If I may illustrate this with a small example of my own work. Whilst comparing the 1971 Census with the 1970/71 income tax returns I was struck by a large group of people who do not appear as working according to the Census, but worked according to the tax returns. The explanation is that they work during only part of the year but not in Census week. Overseas they are described as the “peripheral workforce” and they prove to be not only an important component of the adjustment mechanism for a labour market, but one of the interfaces between the economy and society. The conventional wisdom will be telling you this in a few years’ time. Our statistical knowledge of the peripheral workforce is rudimentary. It requires specific surveys of the sort done overseas. We are unlikely to have such a survey before the mid-1980s. Allowing for processing time and accumulation of a number of surveys it will be fifteen odd years between the data anomaly and its scientific resolution.

 

I am phlegmatic about such delays but they could be shortened by giving research workers a greater role in the data collection agencies. In advocating the appointing of more research workers in, say, the Department of Statistics and the extension of its activities into research, I do not want to undervalue the quality of the present staff nor their research work.
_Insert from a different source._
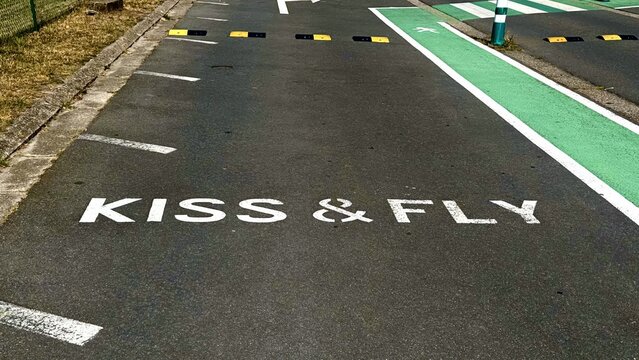 White Kiss and Fly inscription on road near green bike lane and speed bumps at airport drop-off zone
I have had too many helpful discussions with departmental officers and attended too many memorable Departmental papers at economics, statistics, and demographic conferences ever to do that.

 

Rather I want to argue that an effective data collection agency needs also to have a strong involvement in the research uses of the data. There is often this involvement there, but it seems to me that it is undervalued, and should be promoted. As a University teacher I want my best graduates to be coming to me at the end of the year about careers advice and volunteering “What about the Statistics Department?” without my prompting. And I should like to be able to reply with more confidence about a career structure for social statisticians and quantitative social scientists. Some of the students’ textbooks and articles are written by employees of foreign government statistics departments. That is’ something we should aspire to here.

 

The advantage to research workers of such a development is two fold. It means we have kindred spirits more closely involved with data development and aware of our needs. The same people can also extend the informal consultancy services which the agencies provide.

 

Conclusion

 

In conclusion I must confess that the overall thrust of my remarks is that we should be spending more on the official data collection agencies. This comes from my belief that there is only one thing more expensive than research and that is no research, a point I would illustrate with some of the botch ups we have around us today.

 

Yet there is a sense in which my suggestions are cheaper than they may seem. Official statistics provide research workers with an enormous data bank which is being underutilized. That databank does not answer all our questions, but very often it will be more fruitful and less expensive to pursue the questions the data bank raises than to go to the trouble of creating new data sources. One-off small scale surveys are easy for research workers to do, but expensive, particularly when the results do not tie into the population in any meaningful way.

 

This country spends over $12m a year on its collection and preparation of official statistics. We should ensure the results are used as effectively as possible.